**Exercise inputs:**

%%

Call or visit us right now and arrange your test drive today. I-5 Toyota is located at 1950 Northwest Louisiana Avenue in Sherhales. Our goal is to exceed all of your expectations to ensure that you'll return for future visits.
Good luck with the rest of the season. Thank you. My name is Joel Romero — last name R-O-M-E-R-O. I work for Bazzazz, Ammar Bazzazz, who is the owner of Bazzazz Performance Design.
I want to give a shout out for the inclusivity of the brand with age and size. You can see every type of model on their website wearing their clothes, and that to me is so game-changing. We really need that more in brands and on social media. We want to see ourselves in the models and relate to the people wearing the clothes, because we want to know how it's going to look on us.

%%
%%

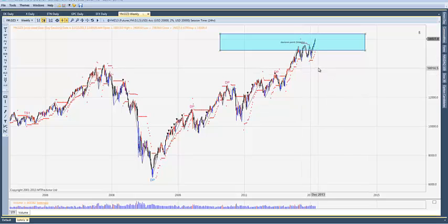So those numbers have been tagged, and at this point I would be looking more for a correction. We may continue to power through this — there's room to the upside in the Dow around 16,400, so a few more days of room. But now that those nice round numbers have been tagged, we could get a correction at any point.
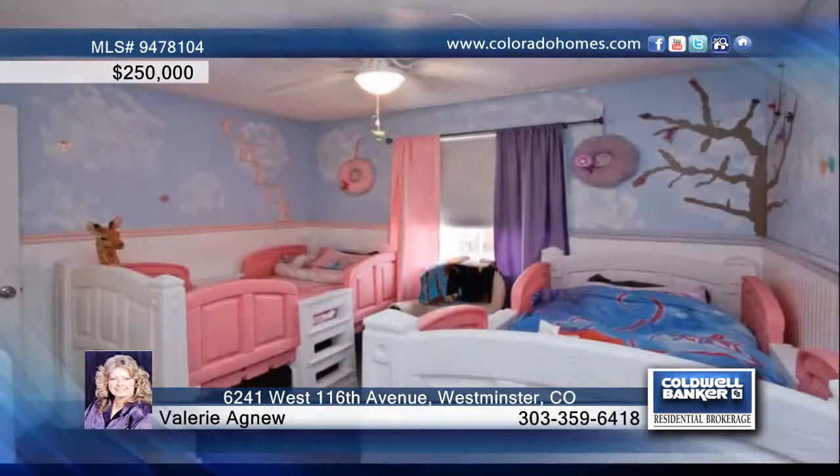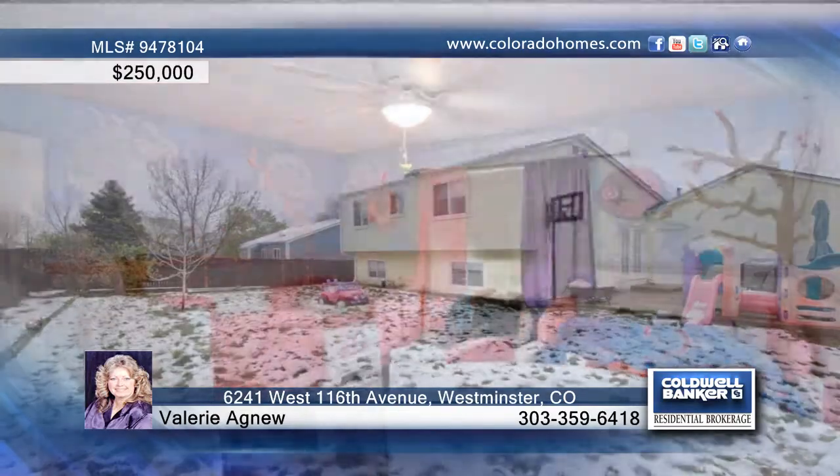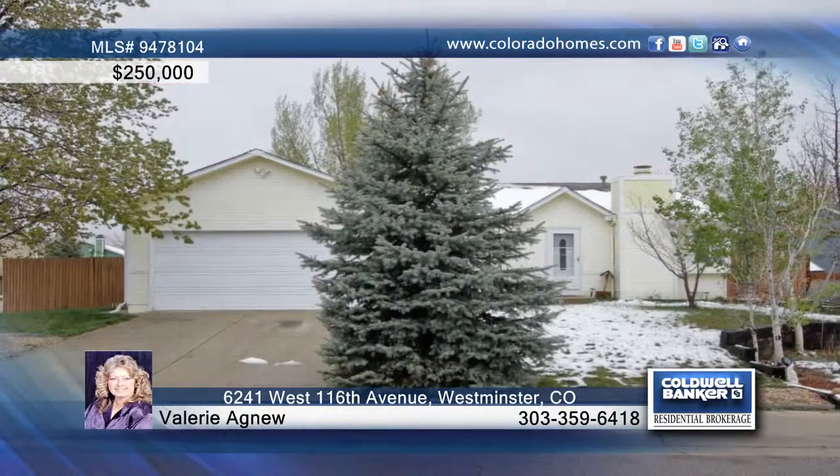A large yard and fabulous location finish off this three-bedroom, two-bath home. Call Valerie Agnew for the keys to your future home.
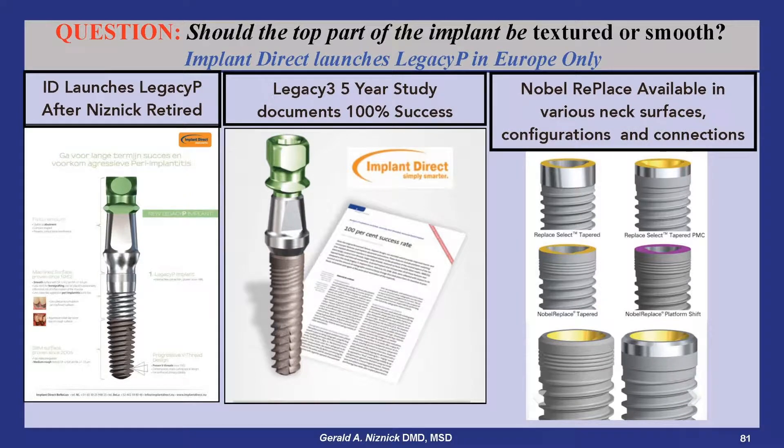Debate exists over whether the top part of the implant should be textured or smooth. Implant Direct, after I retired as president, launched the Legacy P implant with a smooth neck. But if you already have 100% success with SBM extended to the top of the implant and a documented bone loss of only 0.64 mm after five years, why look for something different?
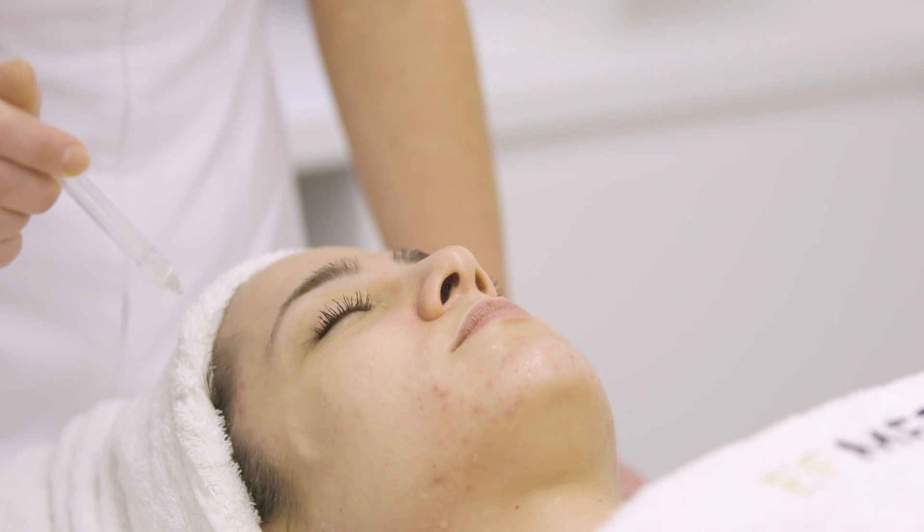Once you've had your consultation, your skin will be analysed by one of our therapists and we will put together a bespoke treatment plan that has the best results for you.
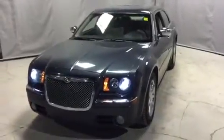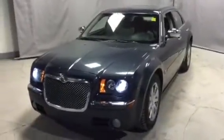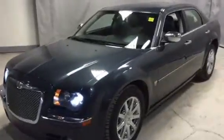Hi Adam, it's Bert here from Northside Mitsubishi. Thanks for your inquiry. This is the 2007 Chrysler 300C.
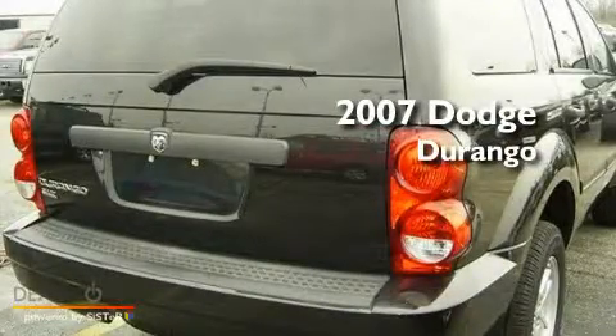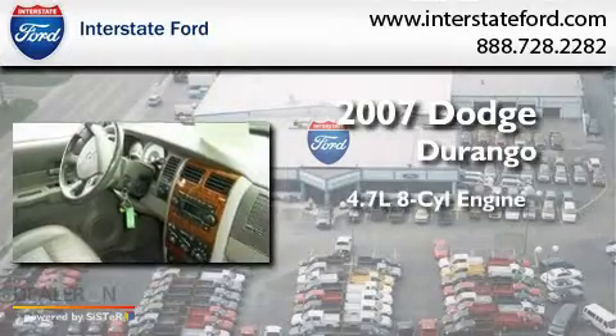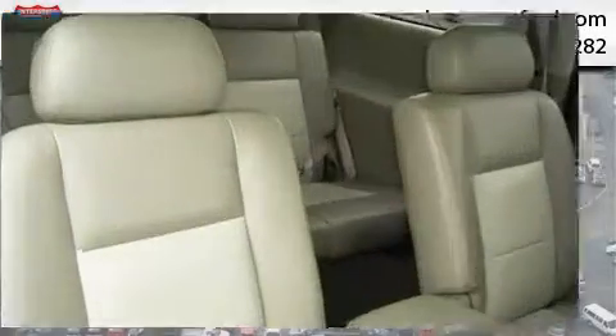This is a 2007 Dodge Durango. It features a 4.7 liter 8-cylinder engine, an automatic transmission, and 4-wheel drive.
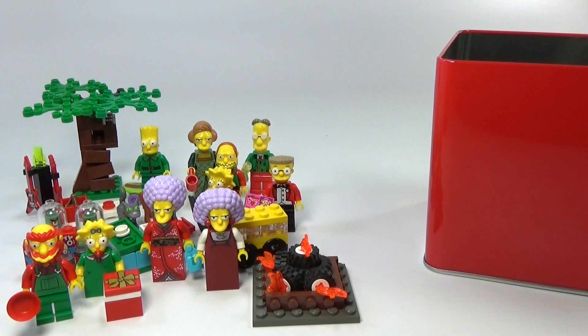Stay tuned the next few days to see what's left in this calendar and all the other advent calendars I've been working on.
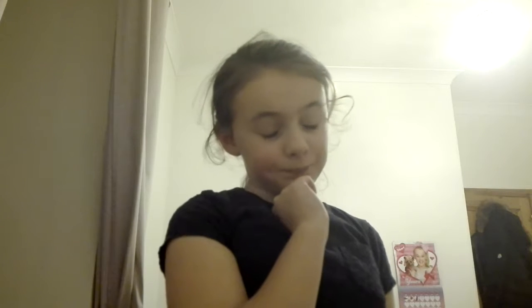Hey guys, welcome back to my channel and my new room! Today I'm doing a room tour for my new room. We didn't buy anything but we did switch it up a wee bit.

%%

**Work order:**
In the records above, find the line with "Hi Adam, it's". Print exactly from there through the line with "Hey guys, welcome", minus the pictures.

**Solution to this exercise:**
Hi Adam, it's Bert here from Northside Mitsubishi. Thanks for your inquiry. This is the 2007 Chrysler 300C.
This is a 2007 Dodge Durango. It features a 4.7 liter 8-cylinder engine, an automatic transmission, and 4-wheel drive.
Stay tuned the next few days to see what's left in this calendar and all the other advent calendars I've been working on.
Hey guys, welcome back to my channel and my new room! Today I'm doing a room tour for my new room. We didn't buy anything but we did switch it up a wee bit.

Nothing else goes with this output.